Brazil, who led the AJGA from 1993 to 2001, remains the treasurer of the AJGA Foundation board. The nonprofit's mission is to grow golf among boys and girls 19 and younger, and it provides opportunities through financial assistance to kids who otherwise couldn't afford the game.

“As much as we would love to have that $1 million charitable impact this year, we just don’t really know at this point. I don’t think we’re going to get to that spot,” Brazil said. “But we’ll still be able to make donations to some of our key charities — the backpack programs, the First Tee, the AJGA’s ACE grants — and with Wyndham’s help we want to do some things for our front-line workers.”

Brazil paused a moment.

His tournament happens five months after the beloved ACC Basketball Tournament was cut short at the Greensboro Coliseum, a long, strange trip for the sports world.

“Look,” he said at last, “at the end of the day, we’re talking about a golf tournament. I know it’s an important piece to our region and to our city. But there are a lot of people who are suffering out there. I mean really suffering. And I will not complain about how our golf tournament is ‘suffering’ because it’s not newsworthy compared to what’s going on in our country and around the world. We’ll get through this.”

The mission

In the meantime, the Wyndham’s signature backpack charities take on added importance.
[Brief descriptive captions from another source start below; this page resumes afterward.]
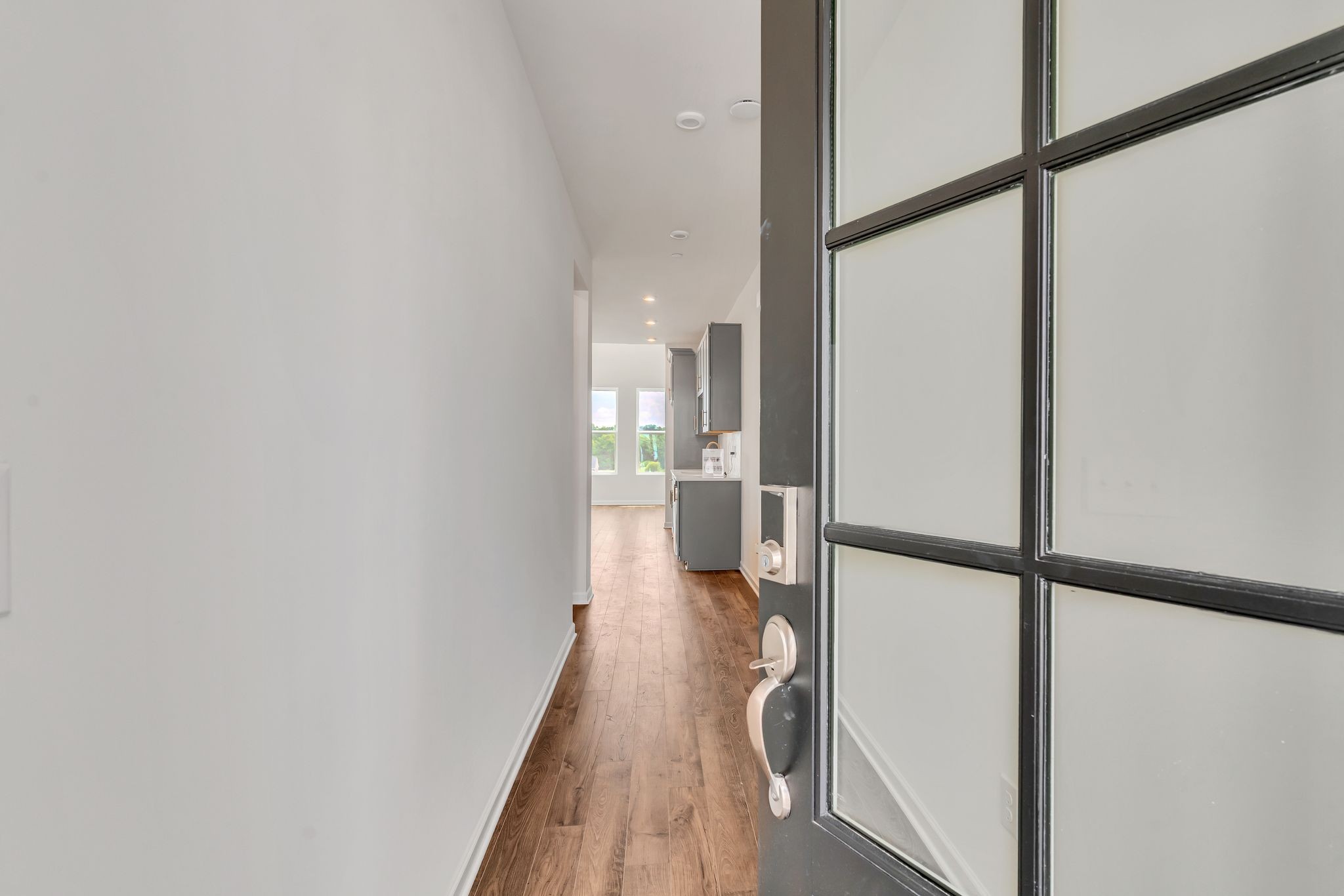 609 Club View Way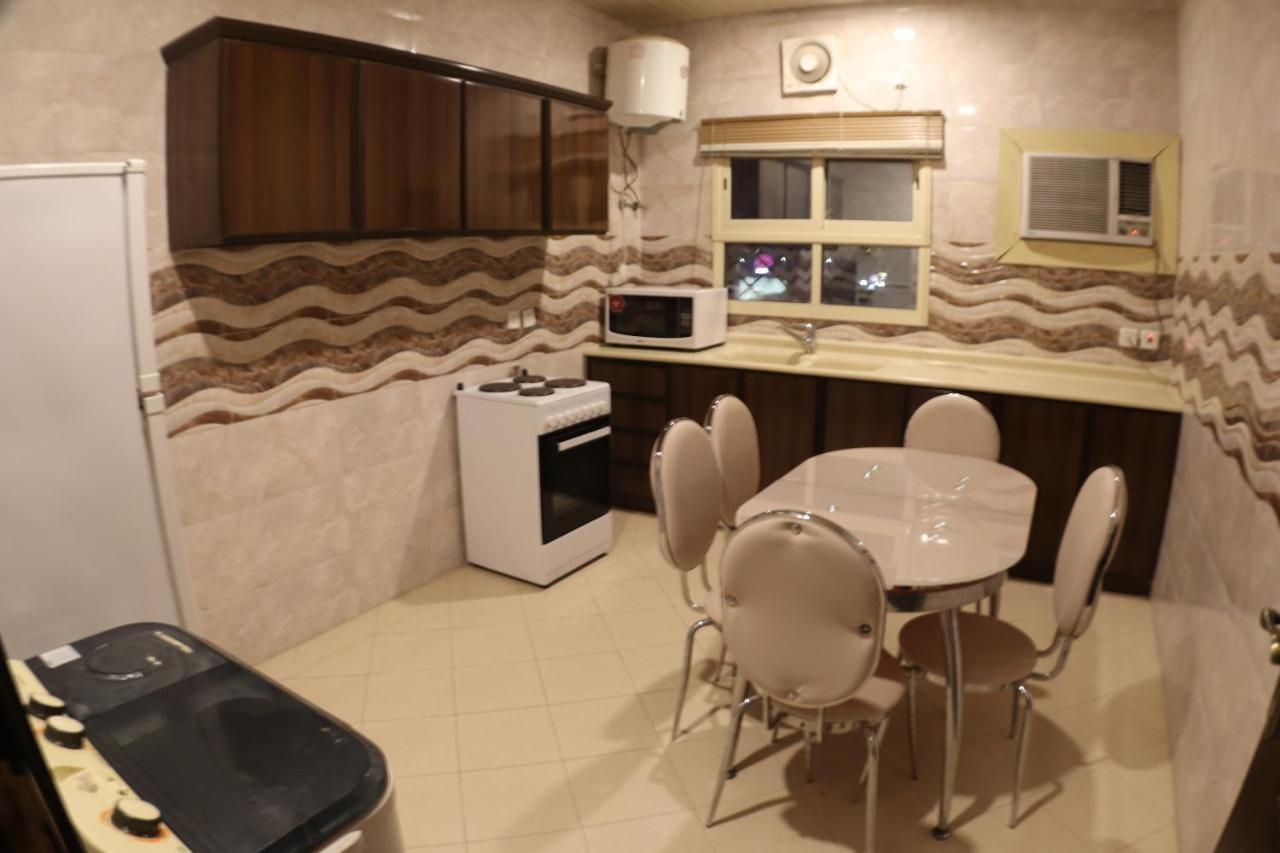 Swat Hotel Apartments Дамам Екстериор снимка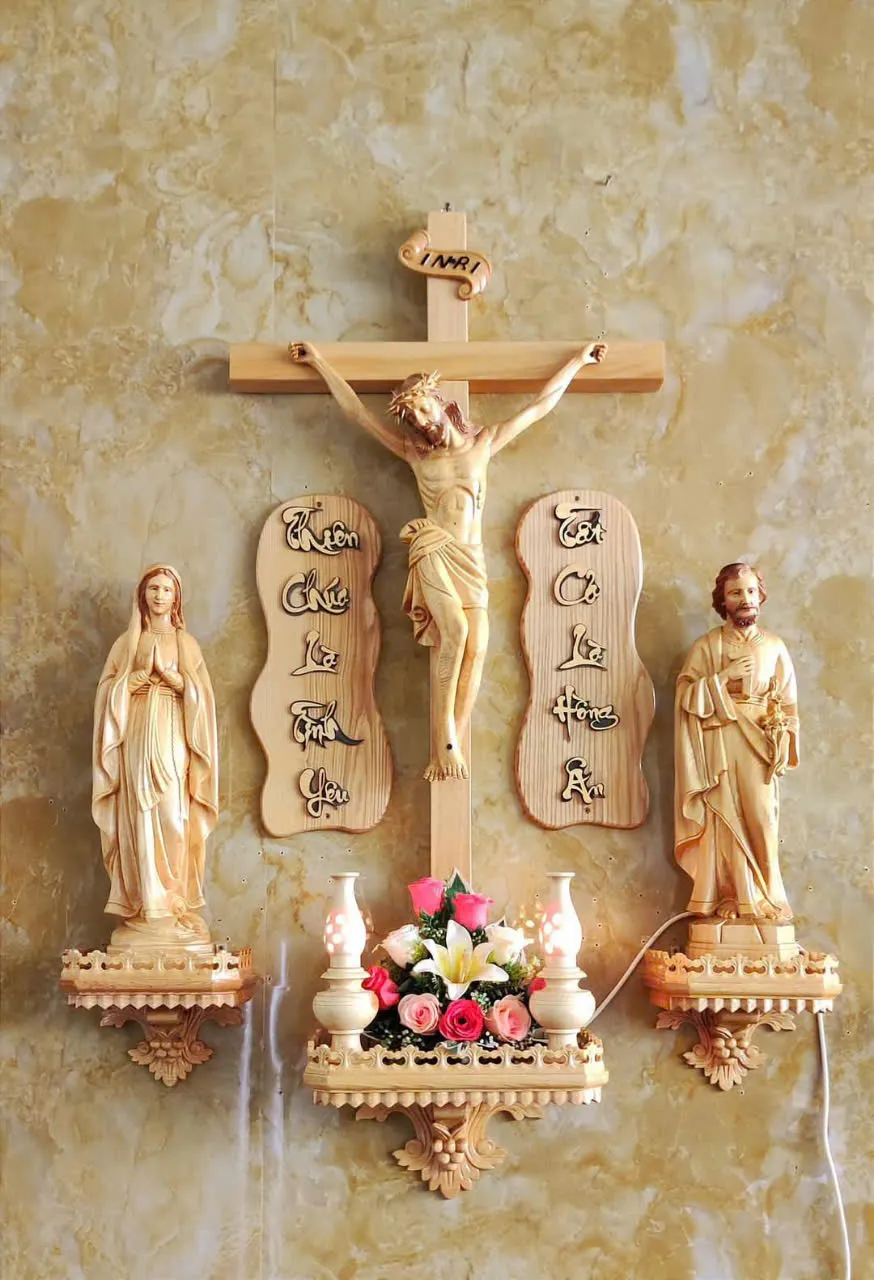 Bàn thờ Công giáo trong gia đình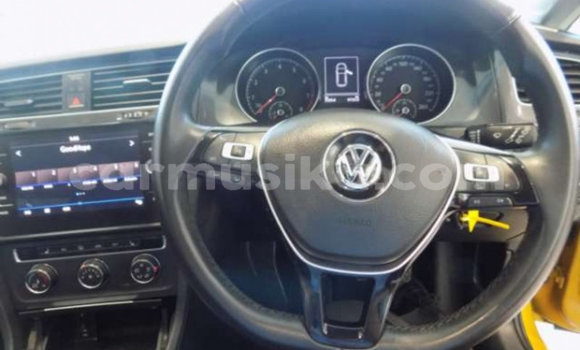 Acheter Occasion Voiture Volkswagen Golf Beige à Beitbridge, Matabeleland South Acheter Occasion Voiture Volkswagen Golf Beige à Beitbridge, Matabeleland South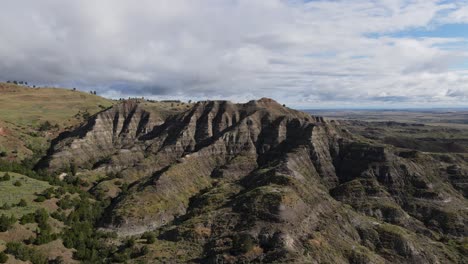 vista aérea de colinas con capas de estrato muy claras de rocas variadas en el este de wyoming durante el verano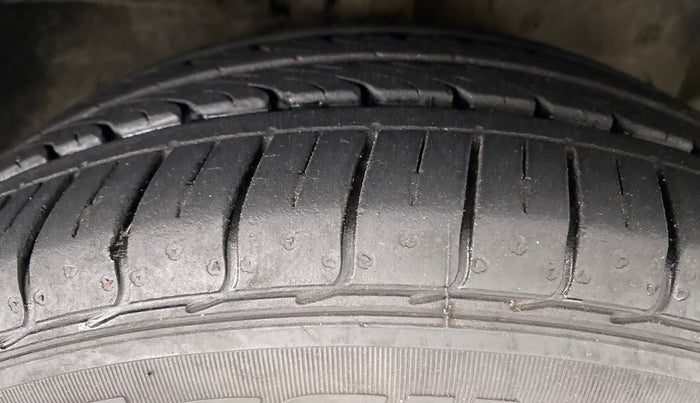 2019 Ford FREESTYLE TITANIUM 1.2 TI-VCT MT, Petrol, Manual, 13,376 km, Right Front Tyre Tread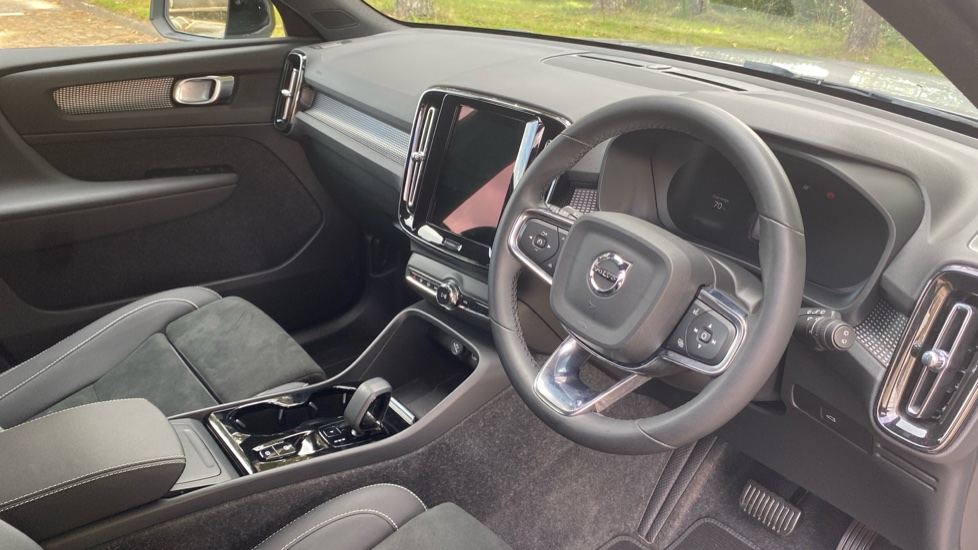 Volvo XC40 2.0 B3P Plus Dark 5dr Auto Petrol Estate - Image 4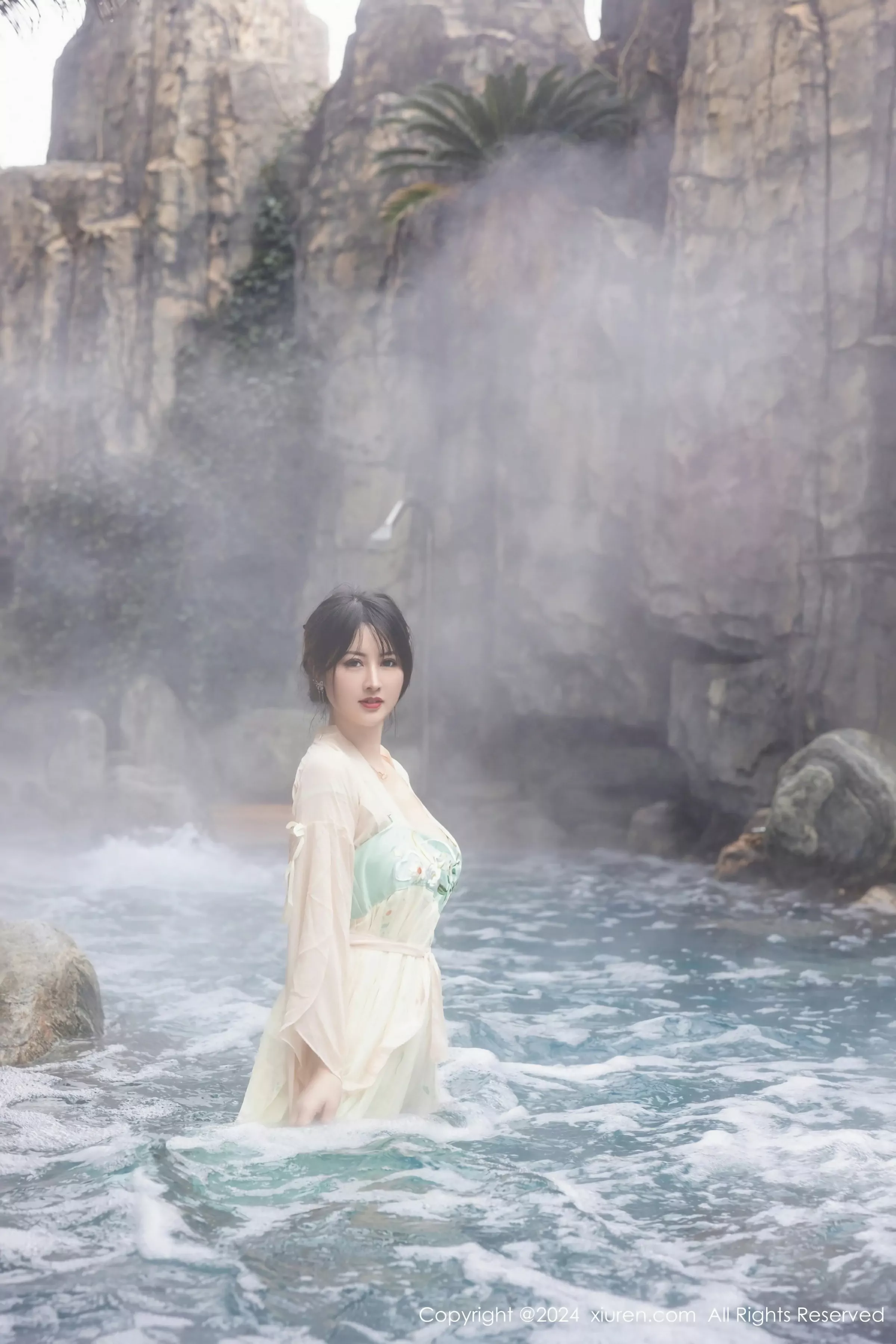  XiuRen 秀人 No.8128 诗诗kiki [82P]第3张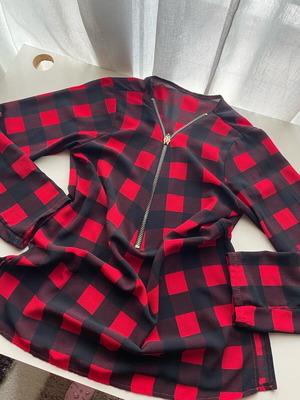 Checked women's blouse size M like new, black and red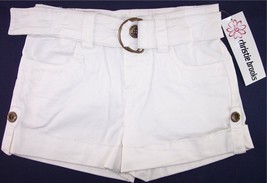 NWT Christie Brooks Girl&#39;s White Short Shorts with Belt, 7 or 8 - £9.13 GBP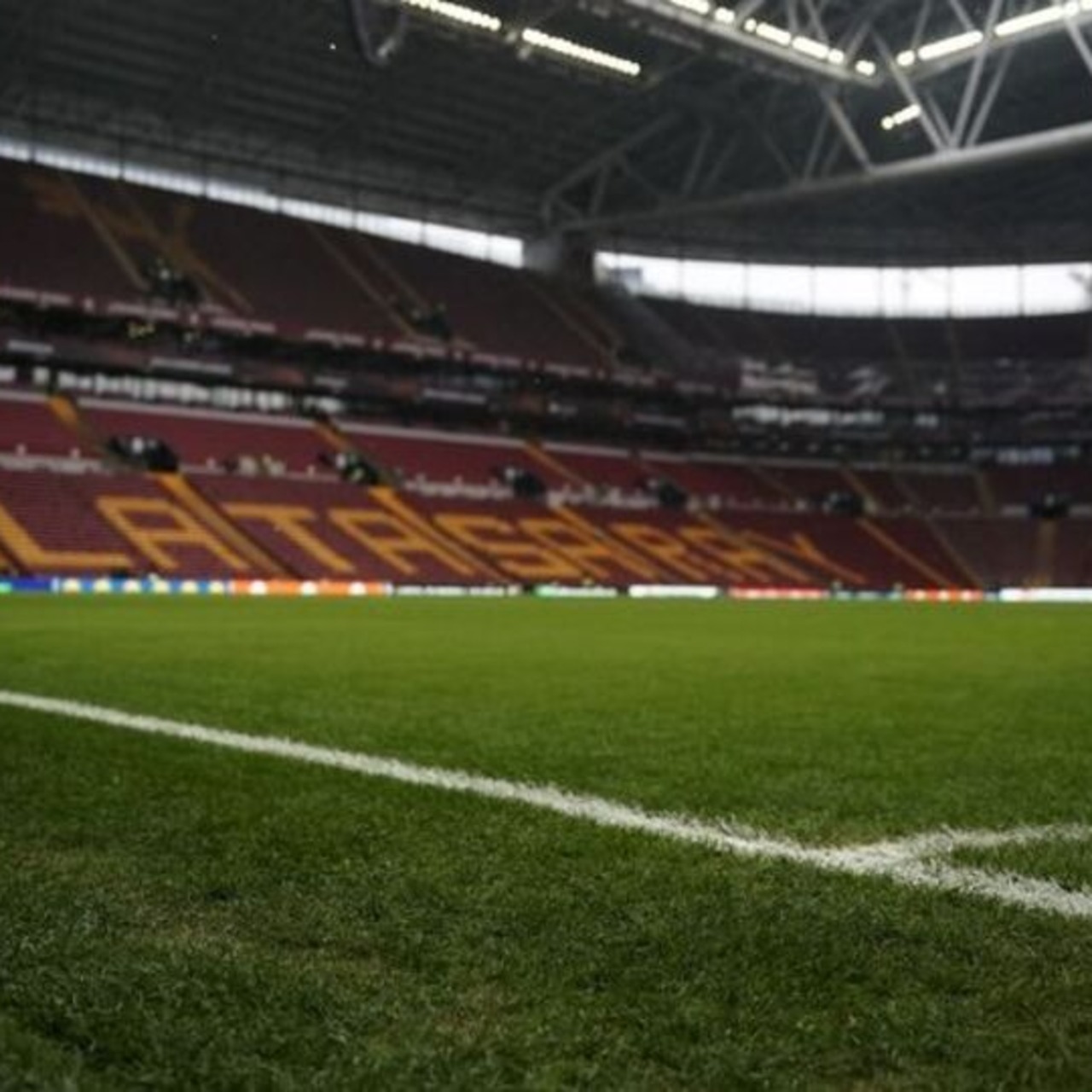 Galatasaray'da zemin için acı rapor!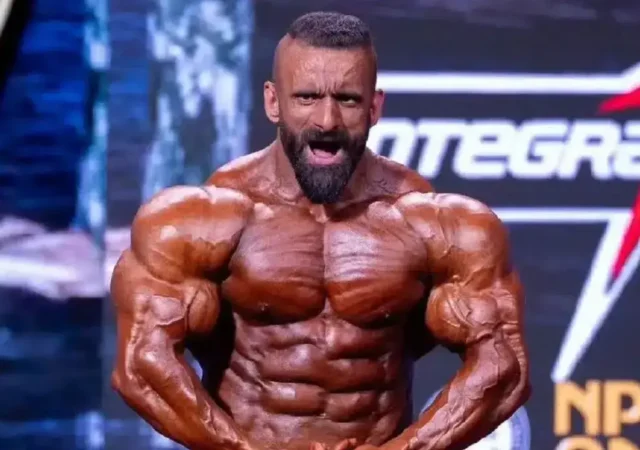 واکنش جالب هادی چوپان به اعتراضات اخیر+ عکس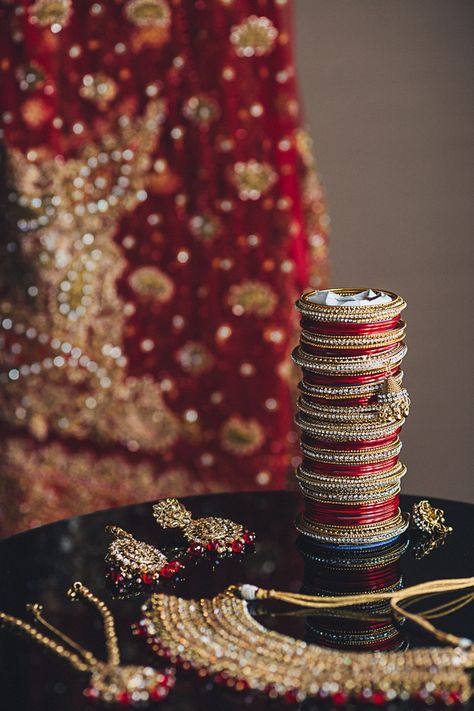 Bridal Jewellery Photography, Bridal Shoot Indian, Bridal Shoot Ideas Indian, Assamese Bridal Photoshoot, South Asian Wedding Photography, Bride Getting Ready Photos Indian, Bridal Ornaments, Indian Bride Poses, Bride Photos Poses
Hunger doesn’t simply go away, said Carol Templeton, president of Forsyth Backpack Program.

Last year, the Wyndham’s donation paid for 5,500 backpacks in Winston-Salem. That comes out to 22,000 meals — two breakfasts and two lunches at a time — that can be eaten with no cooking required.

“The Wyndham has taken action,” Templeton said. “They've recognized the problem of childhood hunger, and they've stepped up. For us it's been a significant contribution. They've been a wonderful constant and sustaining partner. ... Childhood hunger is not a one-donation-and-done problem.”

With government stimulus benefits drying up, Templeton said, the backpack groups can anticipate even more need.

Don Milholin, the president and co-founder of Greensboro’s Out of the Garden Project, said the Wyndham’s $25,000 annual donation goes a long way.

“It is significant, because it will pay for 5,000 backpacks,” Milholin said. “We give out about 2,000 per week during a normal school year, and so you do the math over 32 weeks and the Wyndham alone covers about 8 percent of our year.”

The backpack program is the most expensive part of Milholin’s organization.

“Surprisingly enough,” Milholin said, “the in-kind, non-perishable items are what we receive the least in donations. We get far more perishable produce than shelf-stable items. So the money from the Wyndham allows me to purchase the items we need for our backpacks … I know the week at Sedgefield is about golf. But it's really, really cool that a lot of other people benefit from that golf tournament.”

In High Point, the United Way’s backpack program served 350 children per week before the Wyndham’s efforts began in 2014. Today 1,900 students per week benefit, said Jane Liebscher, the group’s president.

Liebscher said she worries about the lack of fans this year. Since 2015, the Wyndham has donated $160,423 to the United Way’s backpack program — at least $25,000 annually with a $32,000 spike in 2015, the year Tiger Woods played.

"You know, 2020 feels like we're all in the 10th level of Jumanji,” Liebscher said. “I mean, what can happen next? I would not be sincere if I said we didn't have concerns. Because everything in our organization is changing because of the restrictions in place because of COVID-19. But my hopes are high.”